RULE OF LAW : SUBSTANTIVE
- Substantive conceptions of rule of law go beyond form/procedure to include
• Private property : a libertarian view
• Protection of human rights
- Raz : Rule of law can’t mean rule of good law.
• The rule of law is not the rule of good law.
• A non-democratic legal system, based on the denial of human rights, on extensive poverty, on racial segregation,
sexual inequalities, and religious preservation may, in principle conform to the requirements of the rule of law
better than any of the legal systems in Western democracies.
• These will be a worse legal system, but they conform to the rule of law.

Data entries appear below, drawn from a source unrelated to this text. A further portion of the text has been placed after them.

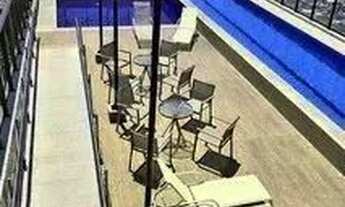 Imagem 4: APARTAMENTO 2 QUARTOS ANDAR ALTO VISTA MAR NO PINA BEACH CLASS EXCELSIOR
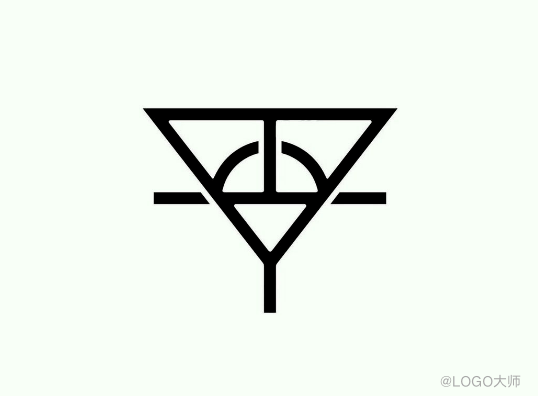 明星明星工作室logo设计欣赏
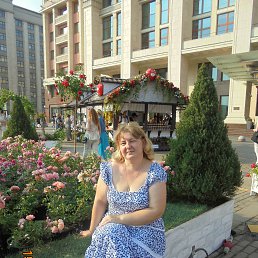 Татьяна, 46 лет, Мценск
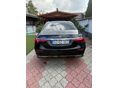 MERCEDES-BENZ S 400 2021 - 4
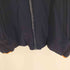 アディダスオリジナルス adidas Originals 19AW スウェット フルジップ MVRCTジャケット トラックジャケット ジャージ レディース JPN:S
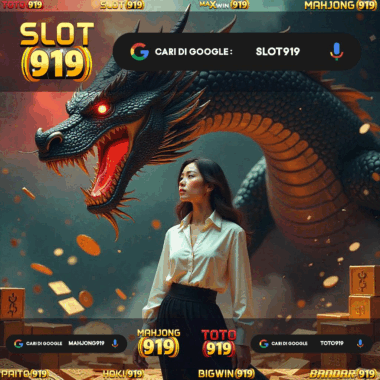 Slot Scatter Hitam Mahjong Game Slot Pg Soft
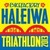 Thumb_medium_haleiwa_logo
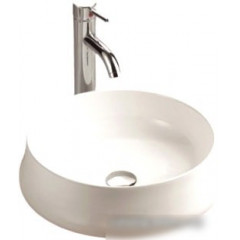 Умывальник WeltWasser Elbach 3210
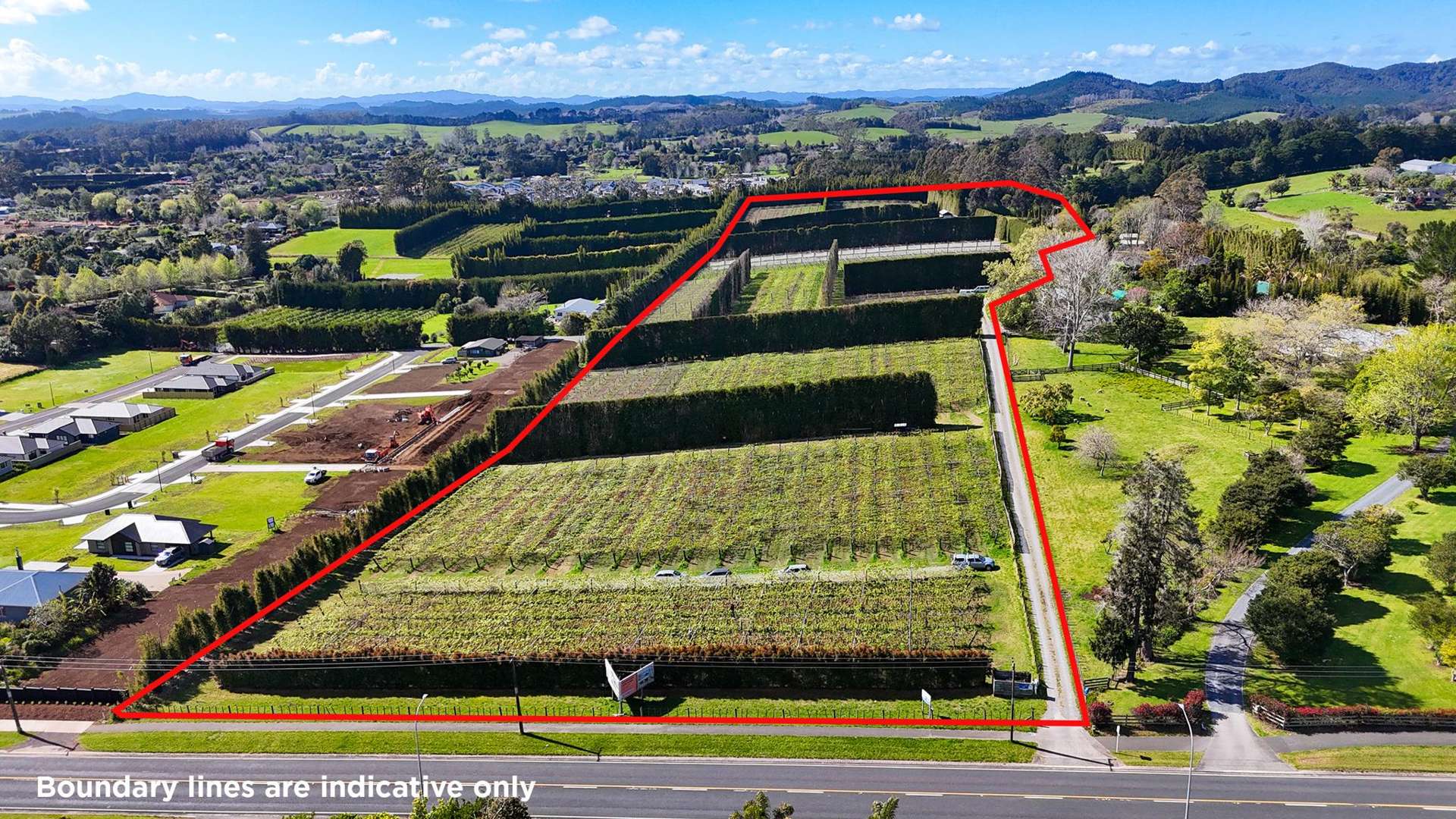 387 Kerikeri Road Kerikeri_0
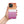 Cargar imagen en el visor de la galería, Product mockup
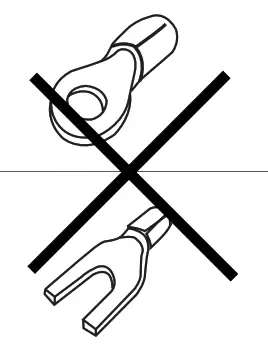 LS ELECTRIC MC9B Main Contactor - fig 21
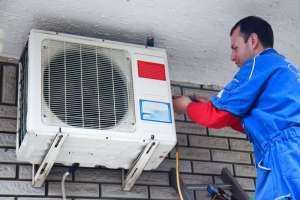 24/7 and Emergency HVAC Near Small Business Adm, CO | Air Conidtioning and Heating Contractors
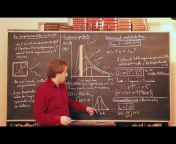 Cours de physique de Sylvain Tambourgi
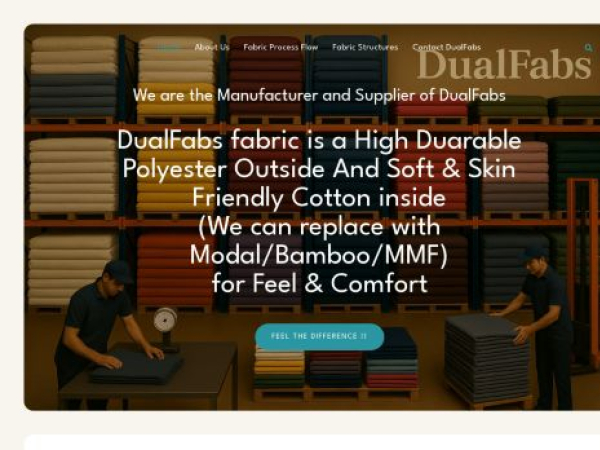 dualfabs.com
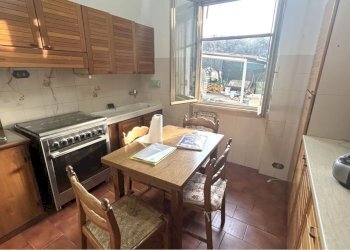 sa13.jpg - Appartamento Sarzana - foto 13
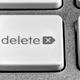 Derecho de Supresión de datos: “Olvídame y pega la vuelta”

- Lord Bingham : human rights are part of rule of law; embraces a thick definition of protection of human rights within
its scope.
RULE OF LAW : RULEBOOK V RIGHTS
- Dworkin : formal ‘rulebook’ conception of RoL are inadequate
• Rulebook conceptions focus on predictability at the expense of justice. Sometimes, predictability is unjust.
• He wants to make them to best they can be ; offer an interpretation of RoL which is attractive and coherent with
other ideas.
• Substantive ‘rights’ conception of RoL = ideal of rule by an accurate public conception of individual rights.
- This is very demanding; not enough that legal system is ruling according to some conception of individual
rights, it must be ‘accurate’. There has been no system that lives up to this ideal.
Be clear of what you mean when you refer to the RoL in exam!